▽

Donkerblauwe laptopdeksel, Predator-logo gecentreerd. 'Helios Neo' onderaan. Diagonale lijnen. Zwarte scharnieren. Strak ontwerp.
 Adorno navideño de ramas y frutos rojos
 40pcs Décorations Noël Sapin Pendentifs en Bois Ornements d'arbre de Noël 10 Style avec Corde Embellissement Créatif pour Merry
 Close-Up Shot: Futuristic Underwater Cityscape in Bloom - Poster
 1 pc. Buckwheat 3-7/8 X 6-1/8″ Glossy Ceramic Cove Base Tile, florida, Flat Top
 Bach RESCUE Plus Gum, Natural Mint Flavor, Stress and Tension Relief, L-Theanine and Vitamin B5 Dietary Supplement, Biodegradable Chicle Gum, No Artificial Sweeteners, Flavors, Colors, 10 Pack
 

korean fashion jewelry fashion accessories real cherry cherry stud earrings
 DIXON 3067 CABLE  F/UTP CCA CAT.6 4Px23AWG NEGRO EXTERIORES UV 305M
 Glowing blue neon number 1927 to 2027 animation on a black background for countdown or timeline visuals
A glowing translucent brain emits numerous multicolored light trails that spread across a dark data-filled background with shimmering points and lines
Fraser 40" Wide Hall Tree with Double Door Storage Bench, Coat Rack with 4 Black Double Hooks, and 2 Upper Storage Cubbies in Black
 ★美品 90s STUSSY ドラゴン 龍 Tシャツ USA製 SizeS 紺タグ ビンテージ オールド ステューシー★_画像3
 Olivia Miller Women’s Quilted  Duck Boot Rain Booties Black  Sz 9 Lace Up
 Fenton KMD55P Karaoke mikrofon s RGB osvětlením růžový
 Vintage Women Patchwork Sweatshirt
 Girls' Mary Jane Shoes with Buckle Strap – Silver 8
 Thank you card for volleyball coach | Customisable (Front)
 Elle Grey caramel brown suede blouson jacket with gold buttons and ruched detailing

△

● WHAT THE TASK REQUIRES
Output exactly the lines of the material above from the one containing "DIXON 3067 CABLE" up to and including the one containing "A glowing translucent".

● WRITTEN SOLUTION
 DIXON 3067 CABLE  F/UTP CCA CAT.6 4Px23AWG NEGRO EXTERIORES UV 305M
 Glowing blue neon number 1927 to 2027 animation on a black background for countdown or timeline visuals
A glowing translucent brain emits numerous multicolored light trails that spread across a dark data-filled background with shimmering points and lines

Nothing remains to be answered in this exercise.